How Pass Points Are Set
A modified Angoff Method is used to determine the pass point for each version of each test. The modified Angoff Method uses expert judgments to determine the difficulty level of the test. The easier the test, the higher the pass point. Likewise, the more difficult the test the lower the pass point.

The following is a basic outline of the modified Angoff Method (some details have been omitted):

  1. A group of Subject Matter Experts (SMEs) independently rate each test question within a given test. The ratings are defined as the probability, or likelihood, that an acceptably (minimally) competent person with the requisite education and experience will answer the question correctly. An acceptably (minimally) competent person is defined as someone who adequately performs all job functions safely and requires no further training to do so.

  2. The SMEs review each test question as group. A consensus is reached for the rating of each test question. During this time the SMEs review comments submitted in writing by test-takers. Any test question that is judged to be ambiguous, has more than one correct answer, or has no correct answers is eliminated from the scoring process for that test. These test questions are then revised for future use, re-classified, or deleted form the test item bank.
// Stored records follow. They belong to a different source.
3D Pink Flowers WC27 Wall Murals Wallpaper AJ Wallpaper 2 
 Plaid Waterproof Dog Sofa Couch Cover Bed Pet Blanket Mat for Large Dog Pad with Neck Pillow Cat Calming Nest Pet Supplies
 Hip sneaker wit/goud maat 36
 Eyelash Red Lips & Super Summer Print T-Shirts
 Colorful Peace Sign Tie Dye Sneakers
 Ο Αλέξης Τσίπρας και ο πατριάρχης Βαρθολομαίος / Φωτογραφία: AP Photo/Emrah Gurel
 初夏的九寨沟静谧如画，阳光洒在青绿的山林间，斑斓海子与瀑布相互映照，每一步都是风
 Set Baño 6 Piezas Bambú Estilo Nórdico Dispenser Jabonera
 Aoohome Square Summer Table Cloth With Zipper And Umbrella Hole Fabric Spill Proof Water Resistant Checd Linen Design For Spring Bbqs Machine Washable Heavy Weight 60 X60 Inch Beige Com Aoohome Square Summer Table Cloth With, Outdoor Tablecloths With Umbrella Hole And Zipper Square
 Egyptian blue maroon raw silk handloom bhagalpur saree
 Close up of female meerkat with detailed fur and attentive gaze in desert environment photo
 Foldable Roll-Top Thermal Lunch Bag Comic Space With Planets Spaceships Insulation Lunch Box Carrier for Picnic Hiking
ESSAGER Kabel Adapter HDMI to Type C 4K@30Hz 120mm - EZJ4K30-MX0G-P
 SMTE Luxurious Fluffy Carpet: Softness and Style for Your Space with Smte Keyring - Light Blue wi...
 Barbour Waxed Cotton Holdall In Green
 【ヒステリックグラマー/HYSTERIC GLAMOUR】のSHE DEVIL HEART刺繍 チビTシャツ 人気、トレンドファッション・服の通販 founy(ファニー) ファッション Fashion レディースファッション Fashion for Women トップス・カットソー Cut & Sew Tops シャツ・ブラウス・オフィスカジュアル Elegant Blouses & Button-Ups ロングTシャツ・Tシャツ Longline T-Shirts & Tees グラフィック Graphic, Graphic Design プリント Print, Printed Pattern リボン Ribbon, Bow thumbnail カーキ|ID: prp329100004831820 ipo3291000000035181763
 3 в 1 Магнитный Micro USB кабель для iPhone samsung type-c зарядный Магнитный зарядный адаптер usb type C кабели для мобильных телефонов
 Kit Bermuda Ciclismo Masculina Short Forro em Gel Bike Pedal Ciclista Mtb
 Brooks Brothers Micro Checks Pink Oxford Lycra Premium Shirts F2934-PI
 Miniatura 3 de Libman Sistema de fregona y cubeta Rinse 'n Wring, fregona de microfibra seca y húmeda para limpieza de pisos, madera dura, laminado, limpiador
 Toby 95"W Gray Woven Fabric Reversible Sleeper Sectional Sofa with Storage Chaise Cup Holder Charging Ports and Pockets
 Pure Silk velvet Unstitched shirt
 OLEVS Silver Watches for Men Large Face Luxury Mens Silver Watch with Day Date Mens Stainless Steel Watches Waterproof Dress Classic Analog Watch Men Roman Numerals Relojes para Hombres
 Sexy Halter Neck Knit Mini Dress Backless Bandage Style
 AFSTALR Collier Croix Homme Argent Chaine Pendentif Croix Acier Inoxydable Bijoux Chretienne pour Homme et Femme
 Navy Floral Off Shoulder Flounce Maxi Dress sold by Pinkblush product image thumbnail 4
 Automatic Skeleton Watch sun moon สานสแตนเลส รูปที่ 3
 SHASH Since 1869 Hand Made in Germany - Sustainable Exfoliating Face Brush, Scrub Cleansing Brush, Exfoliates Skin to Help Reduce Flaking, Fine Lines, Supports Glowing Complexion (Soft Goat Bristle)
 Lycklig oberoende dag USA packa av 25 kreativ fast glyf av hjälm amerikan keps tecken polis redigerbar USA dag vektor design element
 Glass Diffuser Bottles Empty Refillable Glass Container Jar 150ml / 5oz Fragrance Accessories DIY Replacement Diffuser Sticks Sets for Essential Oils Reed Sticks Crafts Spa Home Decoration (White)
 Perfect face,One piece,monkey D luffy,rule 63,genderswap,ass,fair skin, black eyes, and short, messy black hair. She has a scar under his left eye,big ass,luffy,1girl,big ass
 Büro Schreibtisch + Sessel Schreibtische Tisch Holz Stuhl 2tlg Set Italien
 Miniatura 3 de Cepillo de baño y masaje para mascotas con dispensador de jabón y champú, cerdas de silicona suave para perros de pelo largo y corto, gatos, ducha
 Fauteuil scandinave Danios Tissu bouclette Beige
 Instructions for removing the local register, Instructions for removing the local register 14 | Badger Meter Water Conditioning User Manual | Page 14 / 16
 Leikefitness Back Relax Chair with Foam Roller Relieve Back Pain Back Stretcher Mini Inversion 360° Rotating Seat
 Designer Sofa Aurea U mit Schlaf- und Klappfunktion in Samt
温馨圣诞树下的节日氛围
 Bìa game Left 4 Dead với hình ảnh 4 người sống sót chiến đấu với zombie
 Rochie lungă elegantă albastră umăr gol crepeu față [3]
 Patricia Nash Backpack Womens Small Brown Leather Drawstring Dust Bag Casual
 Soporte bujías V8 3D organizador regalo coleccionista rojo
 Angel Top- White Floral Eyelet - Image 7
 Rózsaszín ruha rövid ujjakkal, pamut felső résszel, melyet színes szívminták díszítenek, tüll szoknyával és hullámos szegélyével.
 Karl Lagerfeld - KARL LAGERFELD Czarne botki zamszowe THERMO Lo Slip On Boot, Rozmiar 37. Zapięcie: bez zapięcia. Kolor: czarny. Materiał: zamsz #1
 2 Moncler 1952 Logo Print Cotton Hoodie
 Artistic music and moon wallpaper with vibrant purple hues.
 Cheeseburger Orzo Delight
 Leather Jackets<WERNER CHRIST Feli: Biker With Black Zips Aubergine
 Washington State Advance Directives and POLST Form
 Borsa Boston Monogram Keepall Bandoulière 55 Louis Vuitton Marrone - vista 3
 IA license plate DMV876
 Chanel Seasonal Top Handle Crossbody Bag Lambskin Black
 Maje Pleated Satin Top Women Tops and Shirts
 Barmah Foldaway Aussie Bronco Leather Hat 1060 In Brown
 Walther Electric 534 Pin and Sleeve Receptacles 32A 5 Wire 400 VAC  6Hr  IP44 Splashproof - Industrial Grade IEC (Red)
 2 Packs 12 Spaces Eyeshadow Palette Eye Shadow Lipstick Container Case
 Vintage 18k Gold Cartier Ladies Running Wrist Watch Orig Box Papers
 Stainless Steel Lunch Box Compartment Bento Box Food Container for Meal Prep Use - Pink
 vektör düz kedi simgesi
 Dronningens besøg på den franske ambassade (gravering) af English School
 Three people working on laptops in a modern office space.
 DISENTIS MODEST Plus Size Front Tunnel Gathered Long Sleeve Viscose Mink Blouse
  3. After the data are refined, the final step is to calculate the mean, or average, of all the test question ratings. This becomes the overall pass point estimation.

Why Use Modified Angoff?
Each version of a given certification test pulls questions from a test item bank. Each of these questions vary in difficulty. Because a different mix of questions is used in each test the overall difficulty level is not fixed. Thus, it is important to make sure that the varying difficulty level is reflected in the pass point of each test to ensure that test results are reliable. Test reliability is concerned with the reproducibility of results for each version of a given test. In other words, for a test to be reliable it must yield the same result (pass or fail) for the same individual under very similar circumstances. For example, imagine you take a certain grade level test and pass it. Immediately after completing this test you take the same grade level test, but a different version. If the test is reliable you will achieve the same result: pass. If you don’t, it is likely that the test is not a reliable measure of acceptable (minimal) competency.

By taking into consideration the difficulty level of the test, the modified Angoff Method significantly increases the reliability of the tests. Also, since each test is adjusted for difficulty level, each test version has the same standard for passing. Thus, test-takers are treated equitably and fairly even if they take different versions of the test.

There are other methods for setting pass points. However, for the type of tests administered by CWEA, the modified Angoff Method is the best.

Why Not Use 70% As The Pass Point?
Pass points are a critical component of any certification test. It is the standard at which those who have demonstrated minimal acceptable competence are separated from those who have not. Simply writing a test then setting the pass point at 70%, without any supporting rationale, leaves a lot of questions open such as: how do you know if a 70% pass point will result in all competent individuals passing and no one else passing?; why was 70% chosen?; how can a variety of different tests, that test different subjects at different grade levels, all have the same pass point?; and how do you know that the 70% pass point will result in reliable estimates of competence? If all of these questions can be answered adequately then 70% is an acceptable pass point. Simply answering that 70% is the traditional pass point is not acceptable. If a 70% pass point is determined under the modified Angoff Method then it can be stated that 70% is an acceptable pass point.

Certification Program Standards
Certification programs affect employment decisions and are therefore subject to certain standards set forth by federal law. To comply with these federal regulations, pass points must be set with consideration given to Standards of Educational and Psychological Testing (American Educational Research Association, American Psychological Association, and the National Council on Measurement in Education, 1985). CWEA utilizes methods of pass point determination that meet, or exceed, these standards.